KEPULAUAN BANGKA BELITUNG — Podcast Windows Central edisi pekan ini mengupas tuntas situasi bisnis Xbox yang tengah berada di titik kritis. Senior editor Xbox, Jez Corden, dan Zac Bowden membahas dampak kepemimpinan baru, rumor penutupan studio, hingga rencana konsol kode nama "Project Helix" yang disebut-sebut akan membawa perubahan fundamental pada ekosistem Microsoft.
Salah satu isu paling krusial adalah melonjaknya harga komponen, terutama RAM. Kondisi yang disebut sebagai "RAM apocalypse" ini membuat Microsoft dan Sony kehilangan ratusan dolar untuk setiap unit konsol yang terjual.
Model bisnis lama yang mengandalkan subsidi—menjual konsol rugi di awal lalu balik modal dari penjualan game—kini runtuh. Penyebabnya adalah menjamurnya game gratis seperti Fortnite dan Roblox yang dimainkan oleh banyak pengguna kasual yang tidak mengeluarkan uang sama sekali.
Podcast ini juga mengulas rumor bahwa Microsoft tengah mencari pembeli untuk beberapa studio first-party seperti Ninja Theory dan Undead Labs. Tujuannya bukan sekadar memangkas biaya, tetapi menyelamatkan proyek yang sudah berjalan seperti State of Decay 3 agar tidak dibatalkan begitu saja.
Langkah ini dinilai sebagai dampak dari efisiensi besar-besaran di seluruh divisi Microsoft, termasuk Azure dan Surface, akibat investasi besar-besaran di infrastruktur kecerdasan buatan (AI).

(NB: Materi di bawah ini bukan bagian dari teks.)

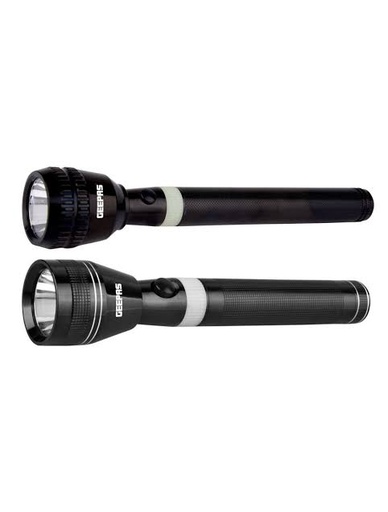 [A04742] GFL4637  Geepas  TOOSH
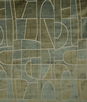 Pindler & Pindler Dabney Juniper Fabric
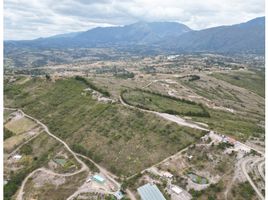  Land for sale in Villa De Leyva, Boyaca, Villa De Leyva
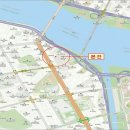 강남-134 이미지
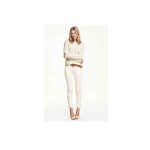 H&M pantaloni e maglia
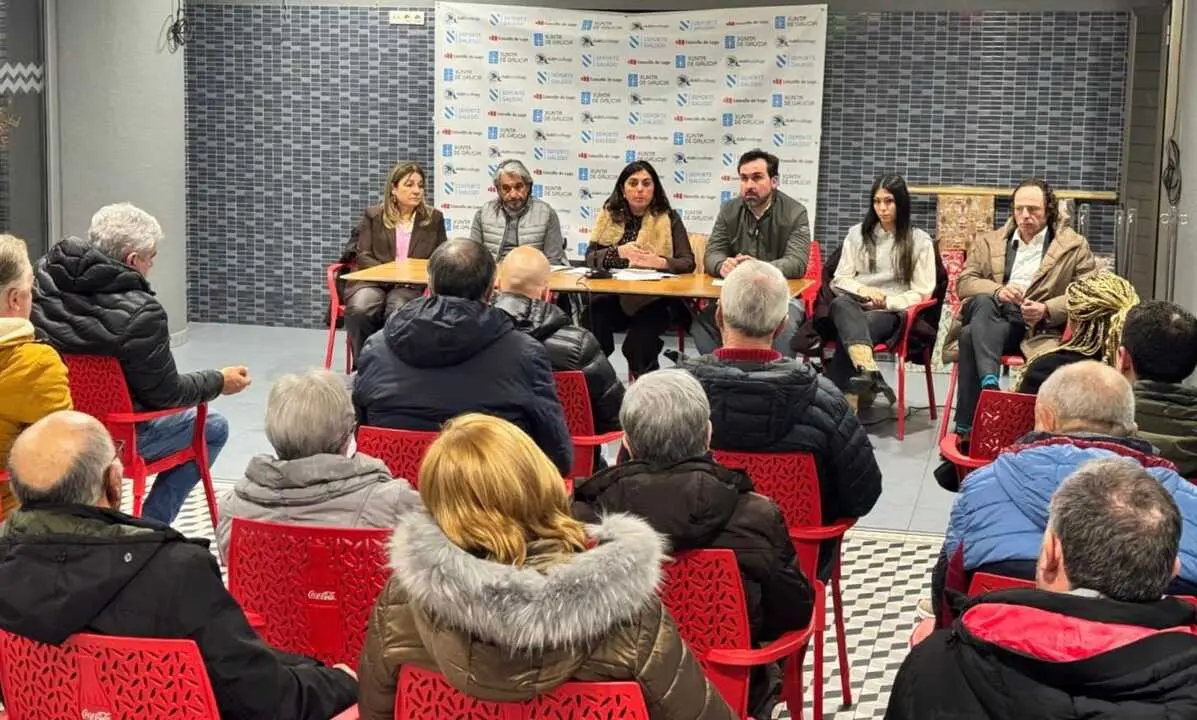 Reuni&oacute;n Ferm&iacute;n Rivera 1 (2)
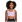 Nike Παιδικό μπουστάκι Swoosh Sports Bra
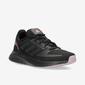 adidas Runfalcon 2.0 - Preto - Sapatilhas Running Mulher adidas Runfalcon 2.0 - Preto - Sapatilhas Running Mulher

Rencana untuk konsol generasi berikutnya, yang dikenal dengan nama "Helix", menjadi topik hangat. Jez Corden mengungkapkan bahwa Microsoft sempat merancang Helix sebagai perangkat terbuka berbasis Windows yang mendukung penuh toko Steam.
Namun, ide ini dipertanyakan oleh Chief Strategy Officer baru Microsoft, Matthew Ball. Risiko utamanya adalah pengguna bisa membeli konsol mahal—yang diperkirakan mencapai harga USD 1.000 (sekitar Rp 16,5 juta)—tetapi hanya membelanjakan uang untuk game di Steam, bukan di ekosistem Microsoft Store.
Jez Corden juga membocorkan fitur baru berkode nama "Positron" yang sedang dikembangkan. Fitur ini memungkinkan pemilik Xbox memasukkan cakram fisik ke konsol sekali saja untuk mengklaim lisensi digital secara permanen ke akun Microsoft mereka.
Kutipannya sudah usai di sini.